O Antigo Testamento são sombras das coisas que haviam de vir (Cl 2:17), mas agora temos a realidade de Cristo no meio de nós e do Espírito Santo habitando na igreja, coletivamente, e no crente, individualmente. A adoração, obviamente, não é a mesma dos israelitas. Na adoração cristã não existe lugar para altares, incenso, animais sacrificados, templo, etc.

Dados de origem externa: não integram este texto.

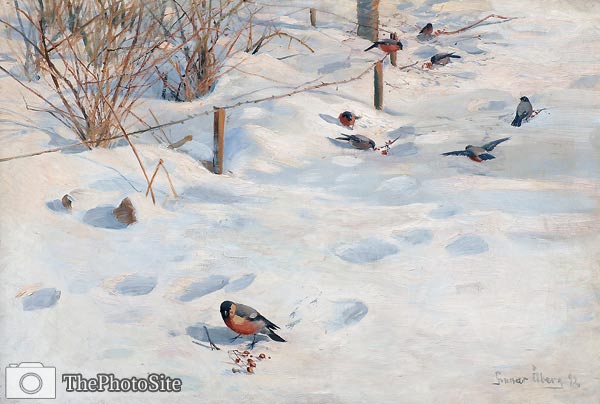 Bullfinch in Winter Landscape Gunnar Aberg - Click Image to Close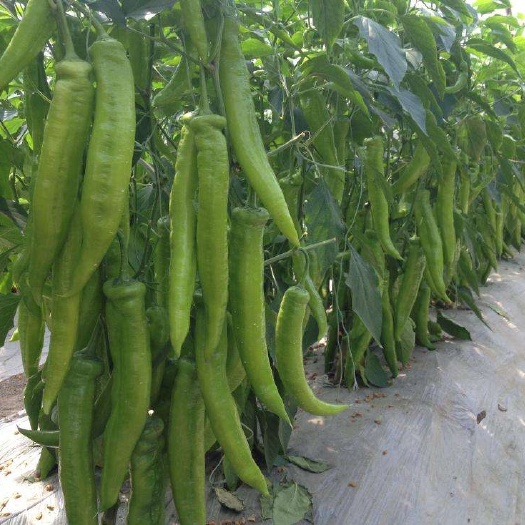 昆明 羊角椒，牛角椒，粗尖椒，4月新鲜上市，当天采摘，当天发货
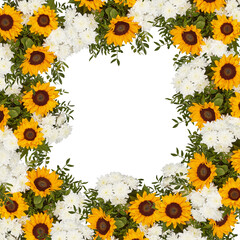 fresh sunflowers cut out isolated transparent background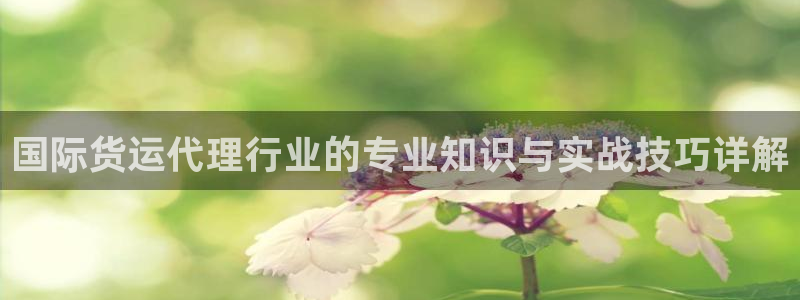 okpay支付钱包下载：国际货运代理行业的专业知识与实战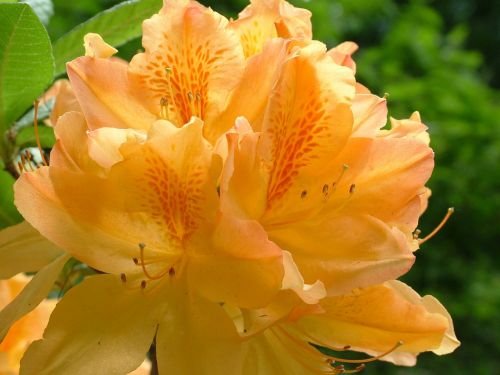 spring flowers rhododendron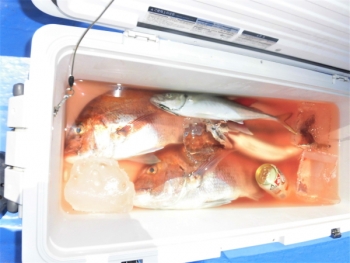 鯛紅丸 釣果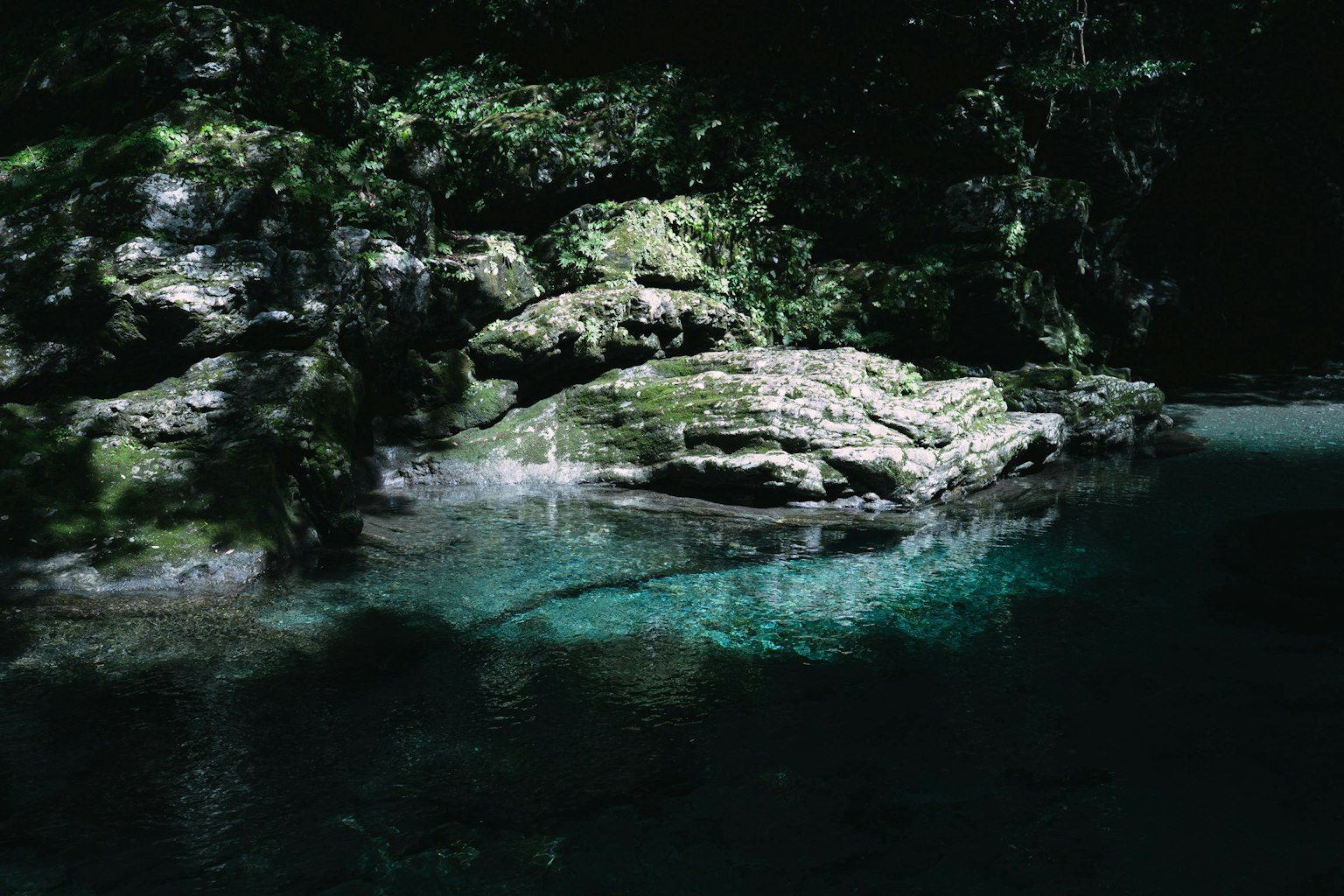 2025-03-pick-up-photos-no-74-78-image-9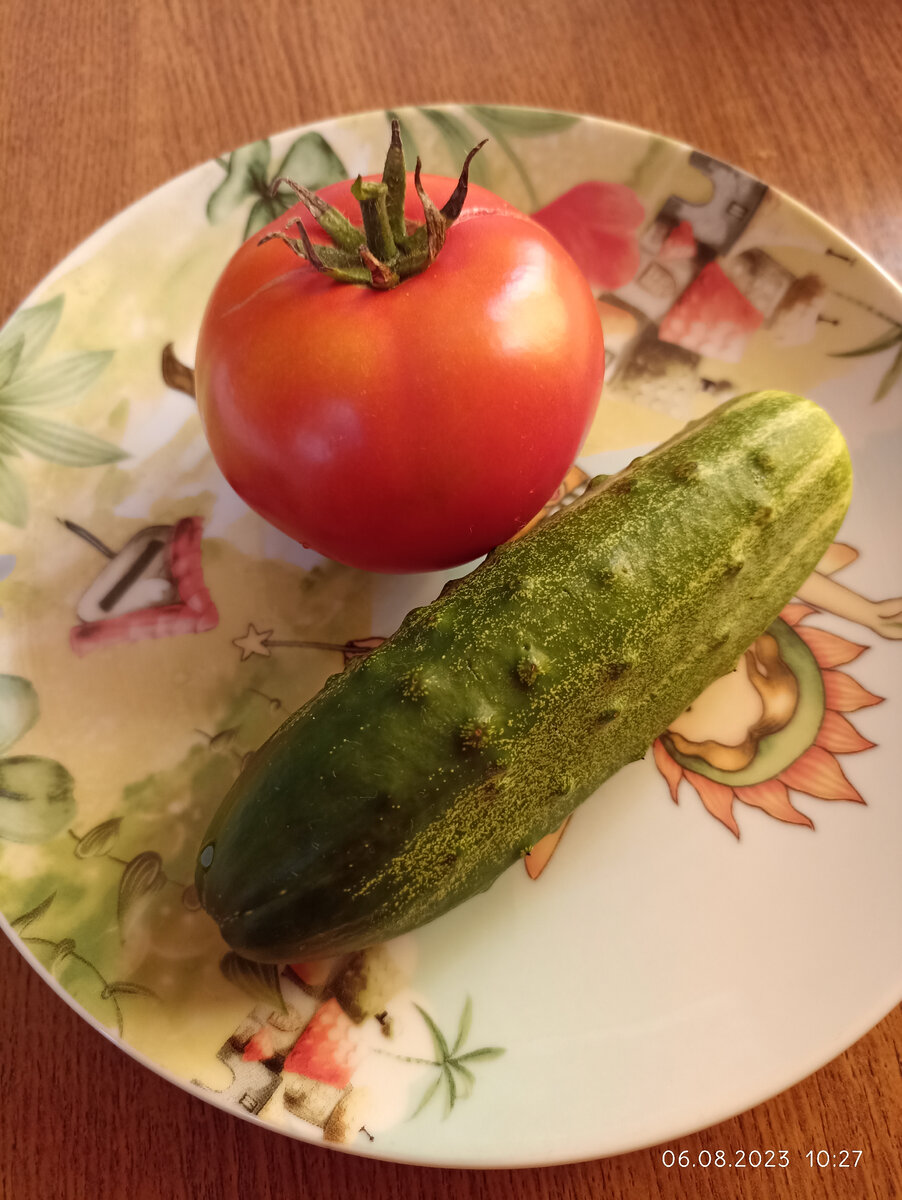 Летом овощи вам в помощь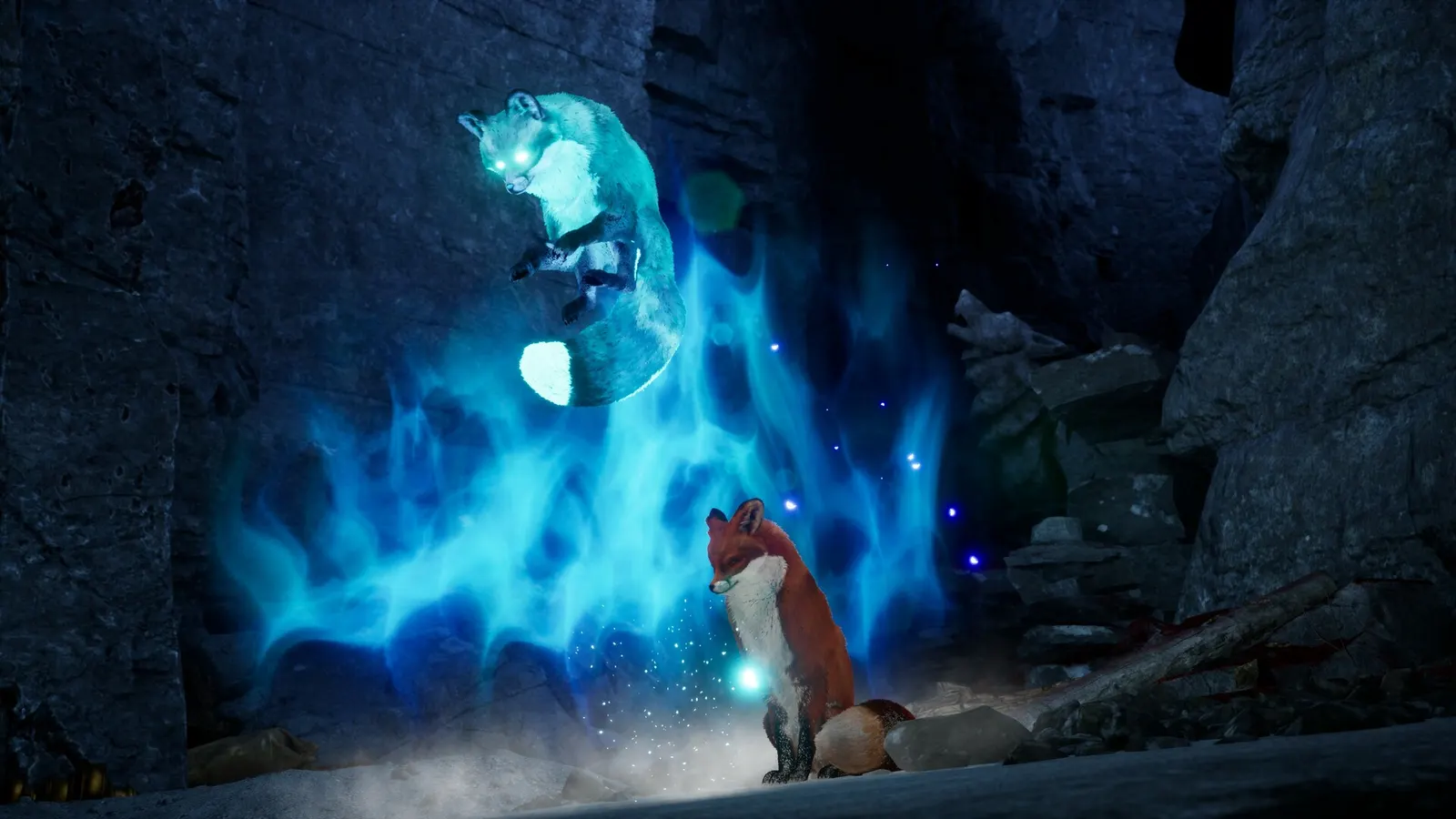 Spirit of the North 2 media 14
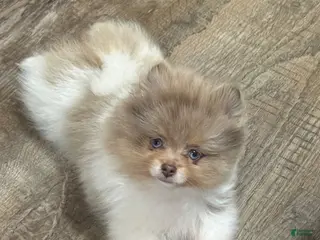 Pomeranian dogs #3 Cosmos - Ad 17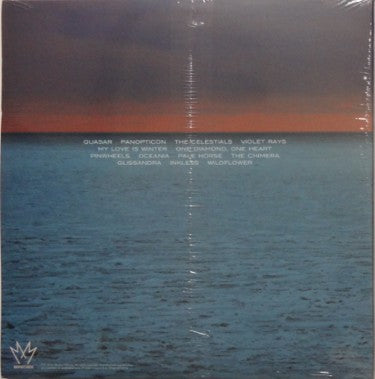 The Smashing Pumpkins : Oceania (2xLP, Album)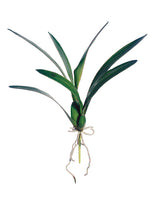 18" Dancing Orchid Leaf Plant  Green (pack of 12)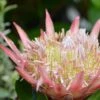 Protea Little Prince - Protée Royale -Promos Jardin Bulbes Magasin Protea cynaroides LITTLE PRINCE copyright 870741 1
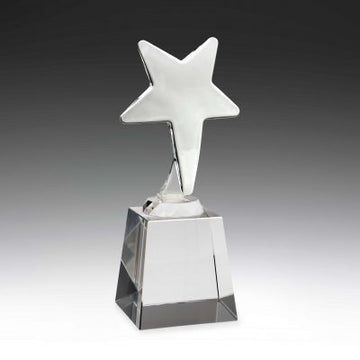 CC582 Crystal Award
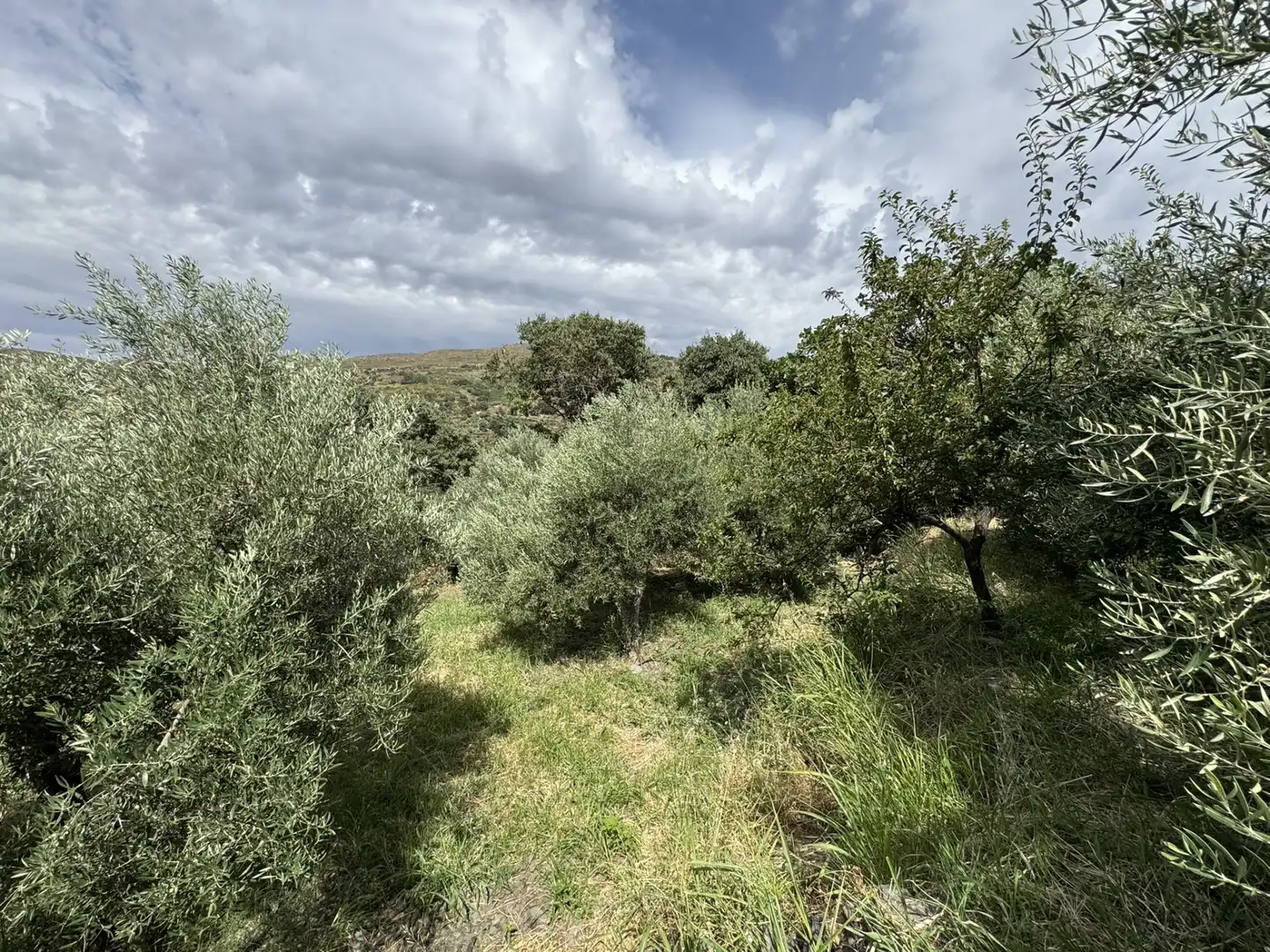 Terreny en venda en Ohanes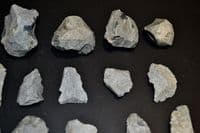 A lot of 20 x Mesolithic Portland flaked Chert Blades & Cores, Portland Bill, Dorset (N120)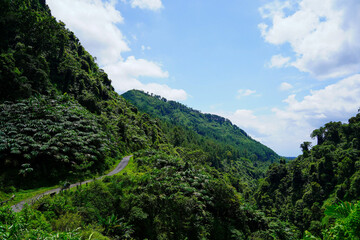 Beauty morning with a mountain full of tree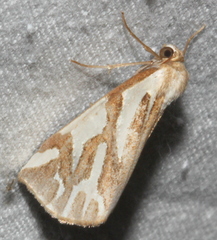 Thalaina inscripta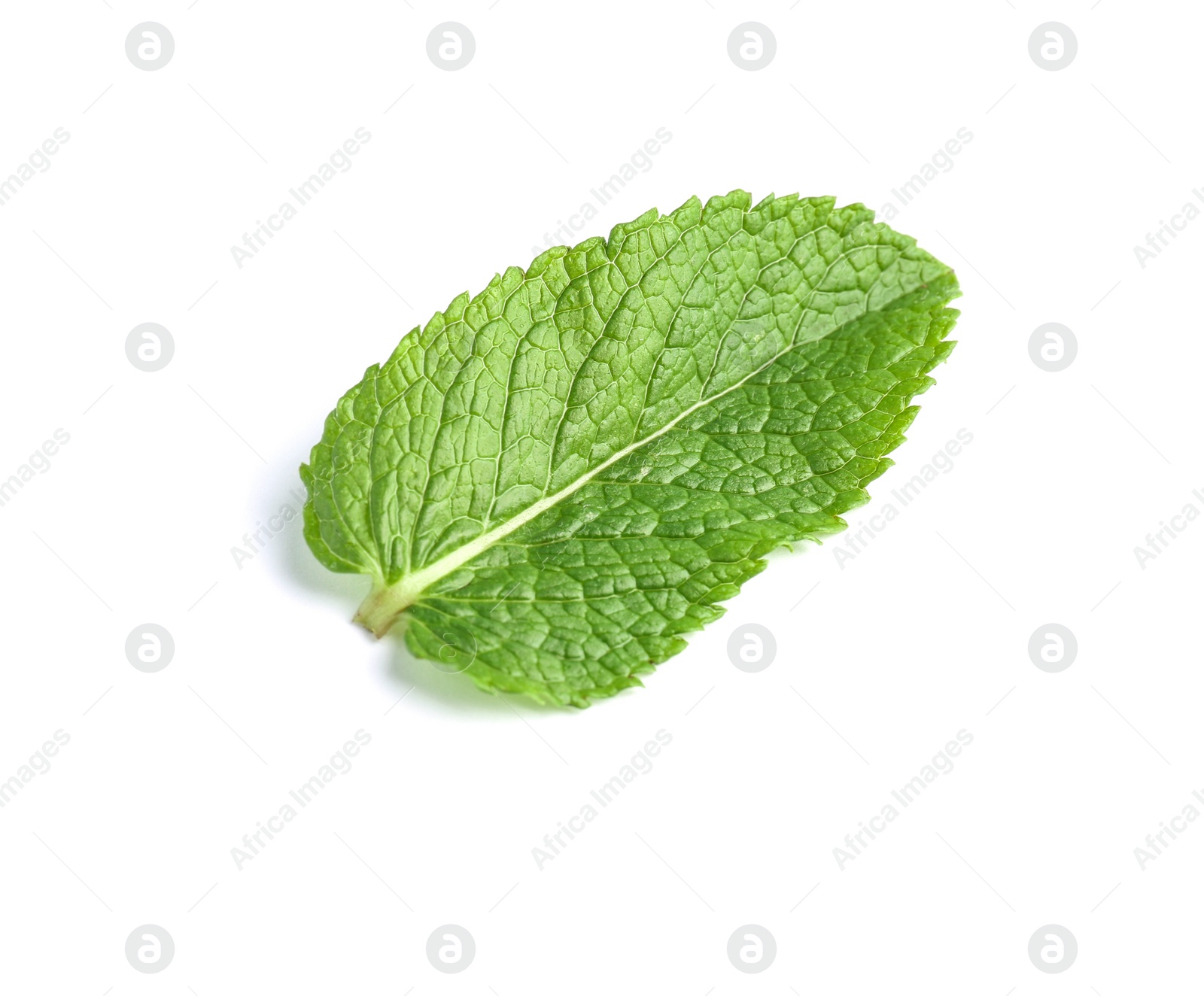 Photo of Fresh green mint leaf on white background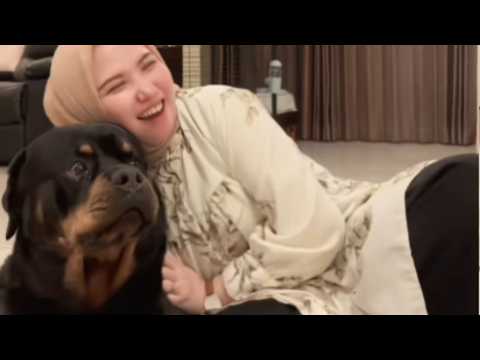 This 130lb Rottweiler REFUSES to Let Her Out of His Sight—She Finally Understood Why at 3AM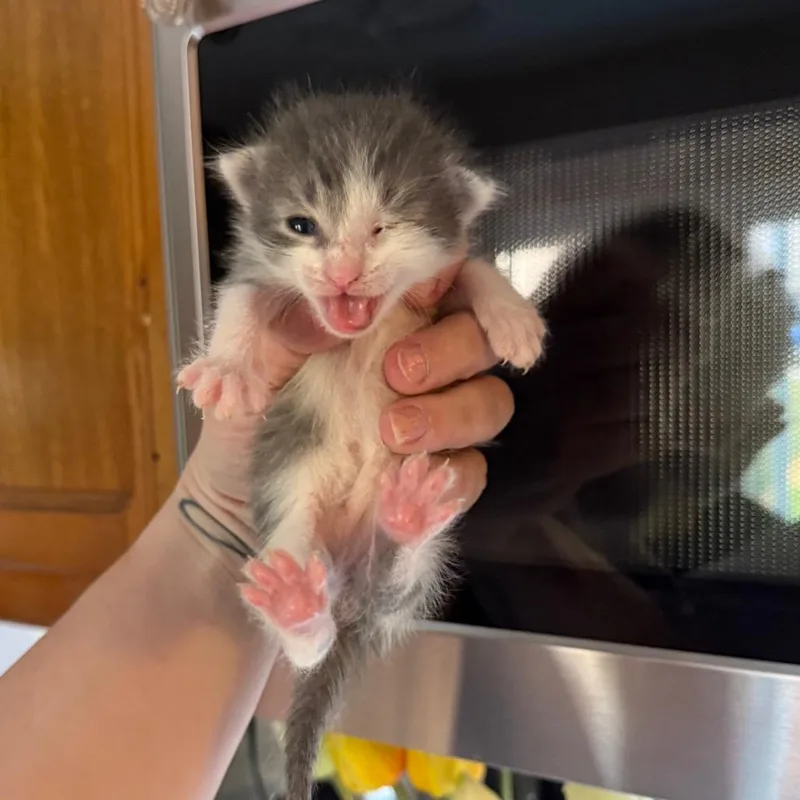 A baby small-sized male Gray / Blue / Silver Domestic Short Hair cat named Tipp for adoption in Kansas City, MO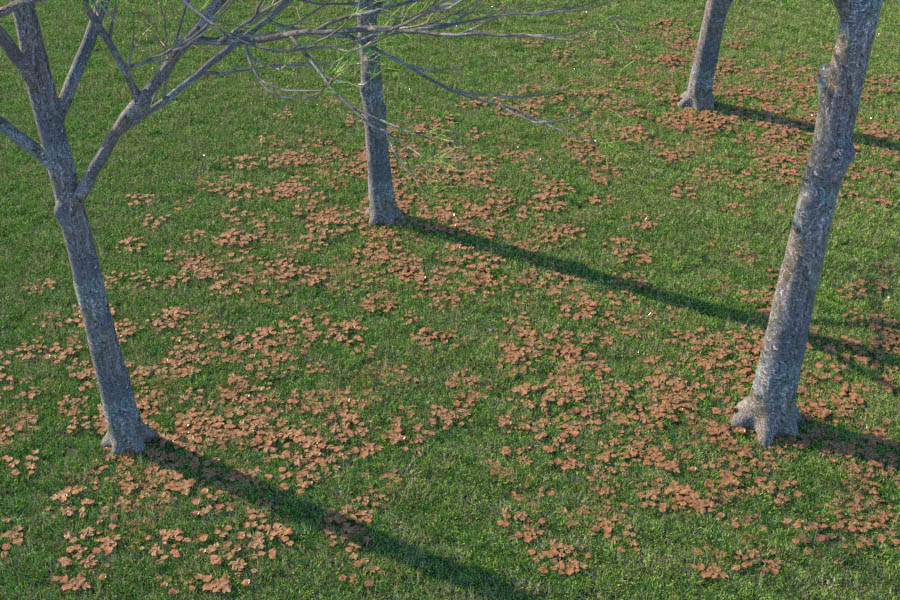 Skatter | MASKA KOMPOZYCYJNA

Mesmo quando utiliza algum Salmo, o cristão deve ter sabedoria para entender que muitos Salmos foram feitos para o povo terreno de Deus, Israel, para o qual as bênçãos prometidas eram terrenas e ao qual Deus disse que destruísse seus inimigos de carne e ossos. Portanto podia fazer sentido para um israelita pedir a Deus pela destruição de seus inimigos e louvar a Deus por isso, mas isso não faz qualquer sentido para um cristão hoje, cuja esperança está no céu e que vive no espírito de Cristo, Aquele que não veio aqui para matar e destruir, mas para salvar.

Esse contraste entre os modos de agir do Antigo e do Novo Testamento fica claro no modo dos discípulos (judeus) encararem as coisas segundo o exemplo que encontravam no Antigo Testamento, e como o Senhor os repreende mostrando que havia agora uma nova ordem de coisas:

(Lc 9:54-56) “E os seus discípulos, Tiago e João, vendo isto, disseram: Senhor, queres que digamos que desça fogo do céu e os consuma, como Elias também fez? Voltando-se, porém, repreendeu-os, e disse: Vós não sabeis de que espírito sois. Porque o Filho do homem não veio para destruir as almas dos homens, mas para salvá-las. E foram para outra aldeia”.

Fazer descer fogo do céu podia fazer sentido nos tempos de Elias, mas não agora. Do mesmo modo, nenhum cristão iria hoje, de sã consciência, cantar um Salmo como o 109:

“Fiquem órfãos os seus filhos, e viúva a sua mulher! Sejam poucos os seus dias, e outro tome o seu ofício! Fiquem órfãos os seus filhos, e viúva a sua mulher! Andem errantes os seus filhos, e mendiguem; esmolem longe das suas habitações assoladas. O credor lance mão de tudo quanto ele tenha, e despojem-no os estranhos do fruto do seu trabalho! Não haja ninguém que se compadeça dele, nem haja quem tenha pena dos seus órfãos!”

O fato de o Salmo estar na Bíblia, que é a Palavra de Deus, não significa que possa ser aplicado em todas as épocas e situações. Não pode. Dá para perceber claramente o quanto essa coleção de maldições está longe da dispensação atual da graça de Deus e do modo como o Senhor nos ensinou a tratar nossos inimigos. A não compreensão do Antigo Testamento como uma maneira particular de Deus tratar com o mundo e com o seu povo terreno, Israel, durante um determinado período de tempo, é o que tem levado a muita confusão hoje, quando cristãos tentam misturar as coisas. Aí um grupo escolhe o que lhe convém do Antigo Testamento, outro escolhe outra parte e assim por diante.

Lembre-se que o cristão deve saber manejar bem ou dividir bem a Palavra para não cair nesses erros. Um bom texto para entender melhor isso é o livro “A Ordem de Deus”.